Those two schools are both older and considered under-enrolled.
St. John the Baptist School, with about 240 students, is also home to an ambitious early learning centre run by the YMCA.
Learning problems detected
It takes up an entire wing of the school's ground floor. Thirty-three children, one to four-years-old, attend daycare there, with special programs to assess and address individual learning problems before the child moves to kindergarten upstairs.
The program also allows children to spend time with their future kindergarten teachers before leaving the daycare.
"So the children feel comfortable when they go into kindergarten," said Adrienne Boudreau, vice-president of child care for the Y.
"For a lot of the parents that are in this community, school might not have been a good experience."
Another 15 children are enrolled in an after-school program.
Community role stressed
"It's vital for those things to be addressed prior to kindergarten," said parent school committee chair Theresa Rogers.
"We believe a school in this neighbourhood, or anywhere in the central peninsula, essentially needs to be a community hub."
Hot lunches are available to every kid in the school for $15 a month, free for those families that cannot pay. There's also a free breakfast program.
Programs are made possible through an extended community of volunteers, non-profit groups and businesses ranging from Irving Oil to the Royal Hair Studio.
An overwhelming majority of parents do not own a car, so a new school would have to be within walking distance, another special consideration since it is anticipated the facility would require about six acres (almost 2½ hectares) to allow for a playing field, recreation space and parking.

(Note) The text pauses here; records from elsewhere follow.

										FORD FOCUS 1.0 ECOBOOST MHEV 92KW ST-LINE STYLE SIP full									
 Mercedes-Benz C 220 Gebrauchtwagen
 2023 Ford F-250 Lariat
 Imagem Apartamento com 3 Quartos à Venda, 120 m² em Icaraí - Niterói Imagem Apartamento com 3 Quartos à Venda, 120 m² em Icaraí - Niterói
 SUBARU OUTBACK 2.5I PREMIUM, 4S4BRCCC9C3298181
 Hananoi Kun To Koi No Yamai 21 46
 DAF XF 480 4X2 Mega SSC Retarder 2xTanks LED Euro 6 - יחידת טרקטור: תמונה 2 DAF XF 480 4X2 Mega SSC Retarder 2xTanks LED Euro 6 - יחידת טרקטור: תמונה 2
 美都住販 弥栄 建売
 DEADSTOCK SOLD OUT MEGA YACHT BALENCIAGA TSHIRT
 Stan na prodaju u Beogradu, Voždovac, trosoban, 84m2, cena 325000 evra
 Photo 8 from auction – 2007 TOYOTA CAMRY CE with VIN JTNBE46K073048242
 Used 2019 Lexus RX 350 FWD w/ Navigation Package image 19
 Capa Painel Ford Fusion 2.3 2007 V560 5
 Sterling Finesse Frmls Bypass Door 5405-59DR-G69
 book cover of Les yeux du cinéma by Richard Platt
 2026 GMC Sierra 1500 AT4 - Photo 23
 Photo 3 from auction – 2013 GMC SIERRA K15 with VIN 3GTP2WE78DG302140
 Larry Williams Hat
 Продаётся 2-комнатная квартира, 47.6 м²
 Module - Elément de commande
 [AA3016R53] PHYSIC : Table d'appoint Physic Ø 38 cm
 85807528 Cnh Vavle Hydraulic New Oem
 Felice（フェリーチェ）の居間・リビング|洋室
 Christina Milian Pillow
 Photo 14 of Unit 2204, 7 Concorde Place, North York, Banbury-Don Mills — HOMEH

Coun. Donna Reardon, whose ward includes Saint John's central peninsula, says city planners will work closely with the school district on a new school. (CBC)
Rob Fowler, chair of the Anglophone South District Education Council, said the early learning centre is unique to the school and tops the wish list of features for a new building.
"The timing for us this year is especially good with an election coming up," Fowler said. "We're hoping we get an early approval as part of the election process, if not before."
The early learning centre's "a bit bigger than what the current specs call for, in terms of what we would require," he said. "So there's going to have to be some special consideration given to that."
There's been a concerted effort by city politicians and municipal planners both to ensure the school is placed in the central peninsula and to ensure the early learning centre is part of it.
It fits with the city's new municipal plan aimed at limiting sprawl, reducing vehicle traffic and directing growth to primary development areas.
The two Ward 3 councillors, Donna Reardon and Gerry Lowe, and Mayor Don Darling have been part of the process from the beginning, along with Ward 2's John MacKenzie, who spent years on the district education council.
Reardon said the city is pushing hard to ensure the school complements both the municipal plan and the central peninsula neighbourhood plan now being drafted.
A key to neighbourhood success
"One of the components of a successful neighbourhood — along with all kinds of other things — is a school," said Reardon, who sent her now-adult children to St. John the Baptist-King Edward.
"We need to be dialoguing with the province because a strong city is good for them. When you have people in a community where you have density, it's better for the province, it's better for us."
Fowler says it would take four to five years to acquire land and build the school.
A new school designed to accommodate a similar number of students recently opened in west Saint John at a cost of $21.6 million.